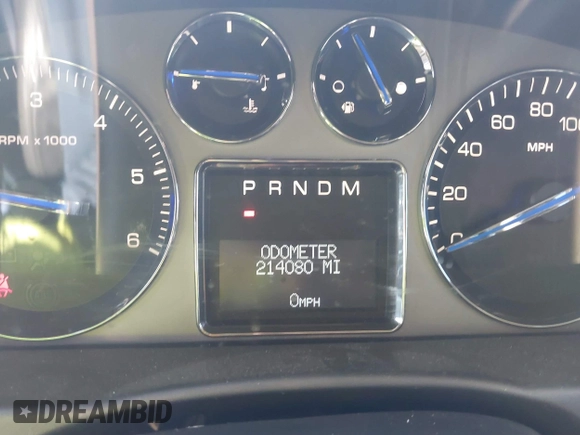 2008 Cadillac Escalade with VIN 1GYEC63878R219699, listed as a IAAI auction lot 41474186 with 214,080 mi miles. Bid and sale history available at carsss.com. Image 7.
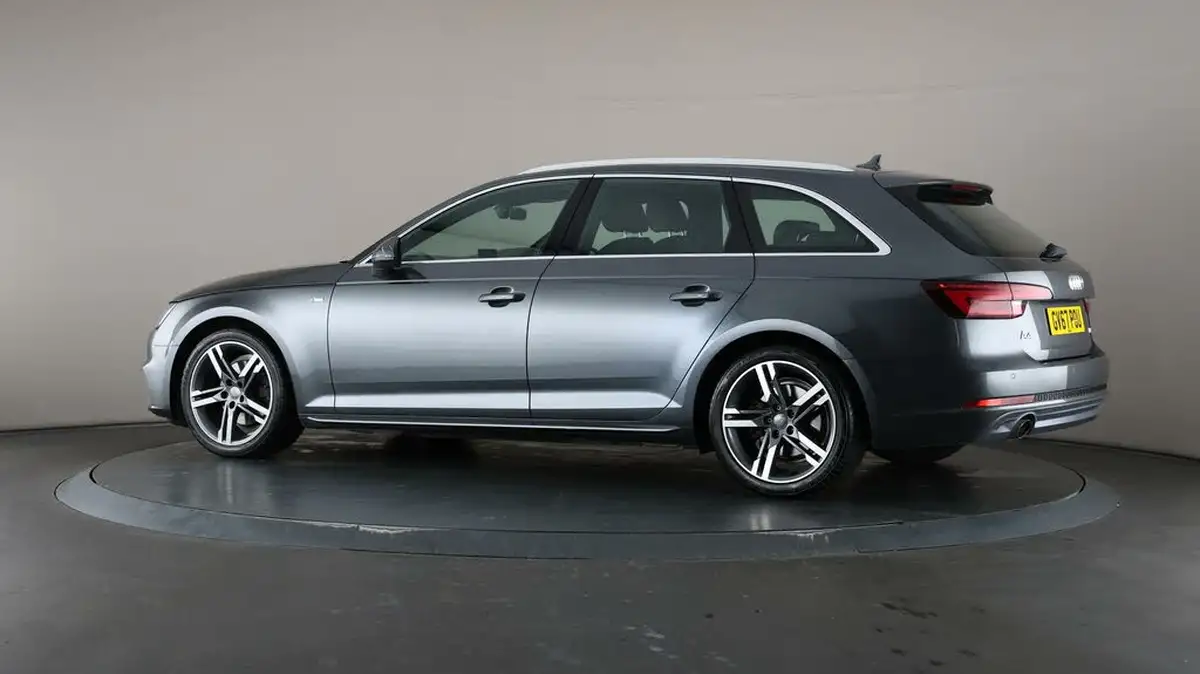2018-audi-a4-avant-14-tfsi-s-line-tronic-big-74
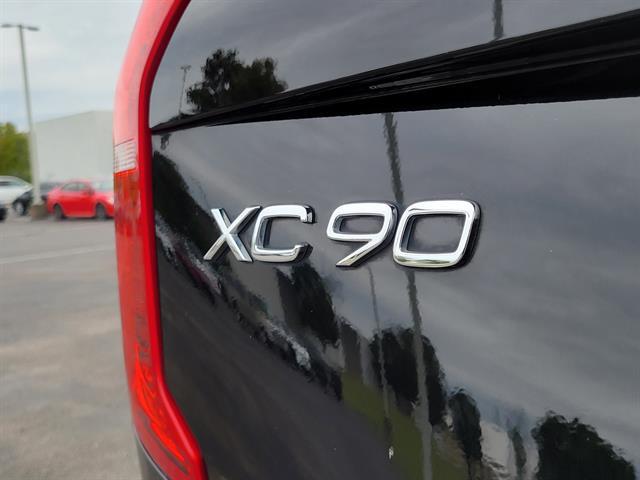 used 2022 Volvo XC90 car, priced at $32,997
========================
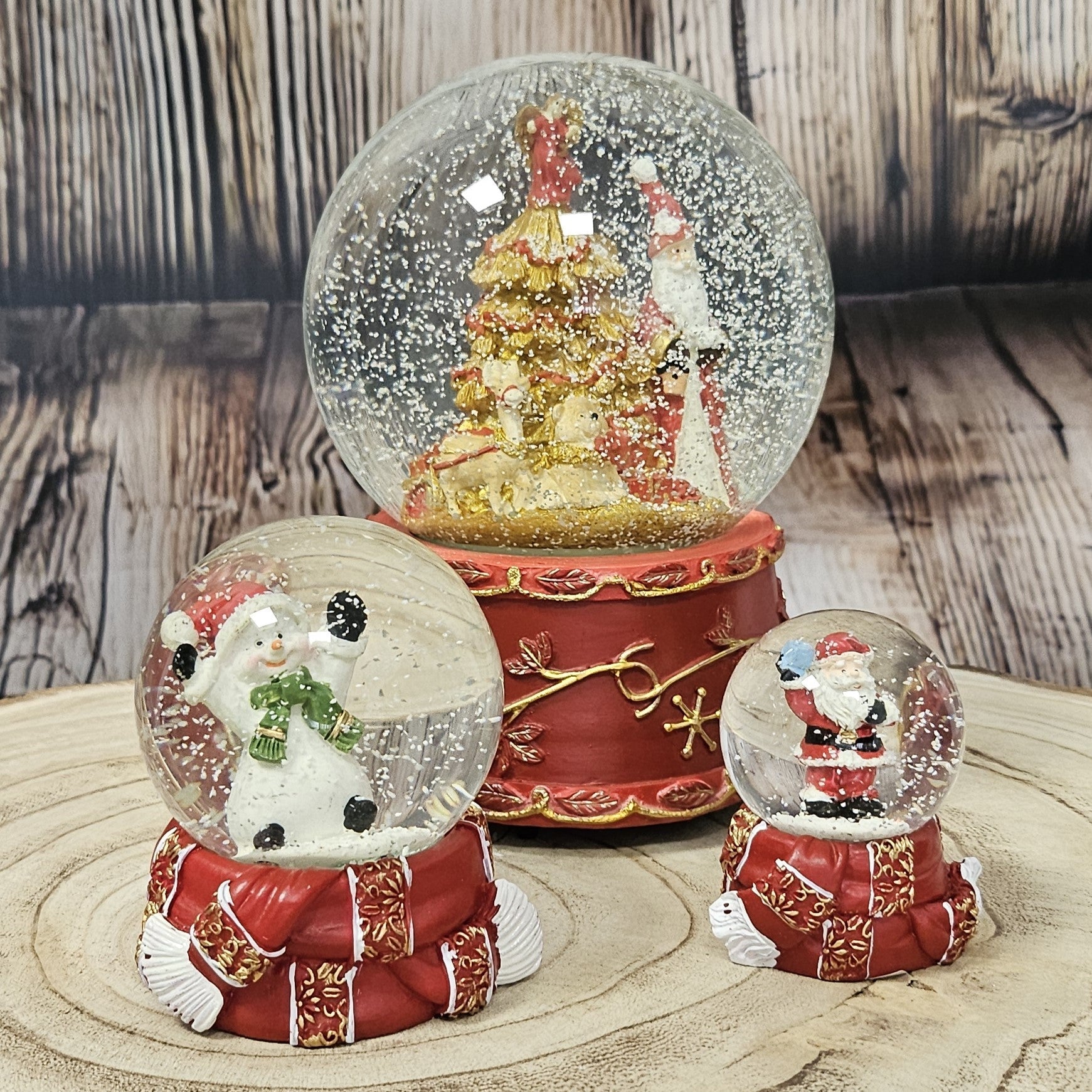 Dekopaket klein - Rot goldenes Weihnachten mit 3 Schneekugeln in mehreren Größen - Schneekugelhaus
========================
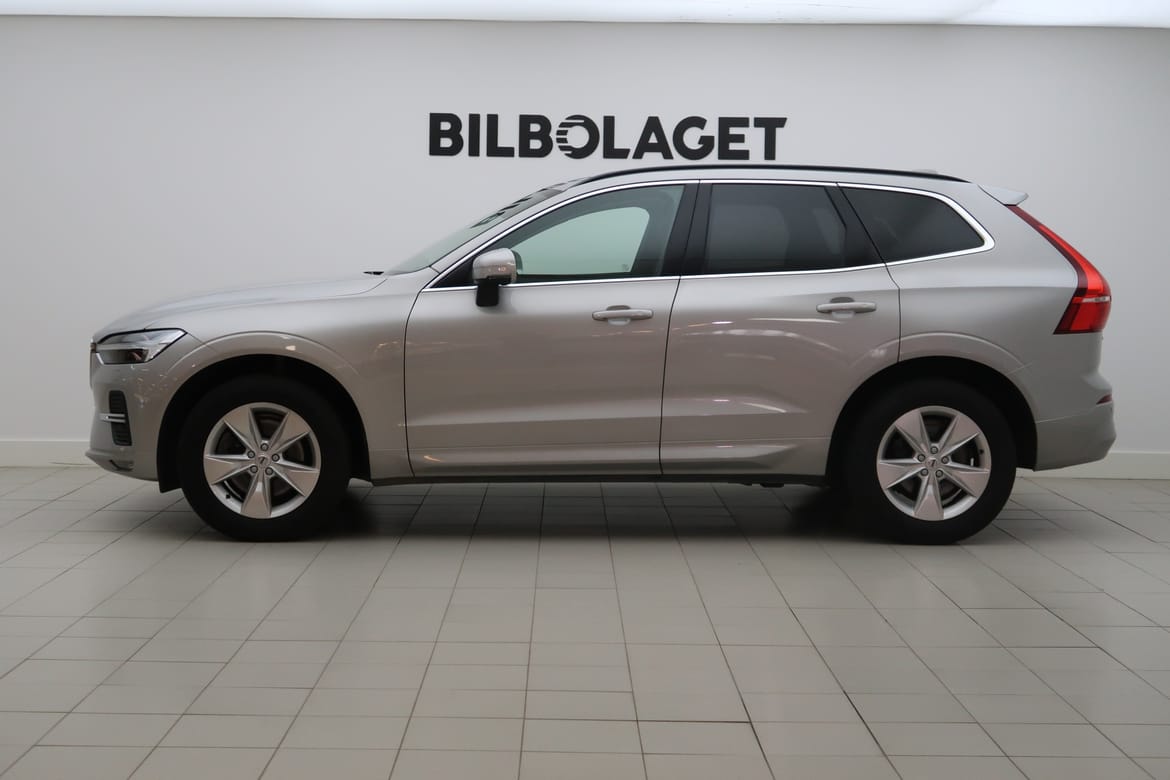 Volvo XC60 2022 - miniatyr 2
========================
■ **What you will do**: Find the line with "2008 Cadillac Escalade" in the data above, and from there retype each line exactly through the line with "used 2022 Volvo XC90 car, priced at $32,997", skipping the pictures along the way.

■ **The completed task**:
 2008 Cadillac Escalade with VIN 1GYEC63878R219699, listed as a IAAI auction lot 41474186 with 214,080 mi miles. Bid and sale history available at carsss.com. Image 7.
2018-audi-a4-avant-14-tfsi-s-line-tronic-big-74
 used 2022 Volvo XC90 car, priced at $32,997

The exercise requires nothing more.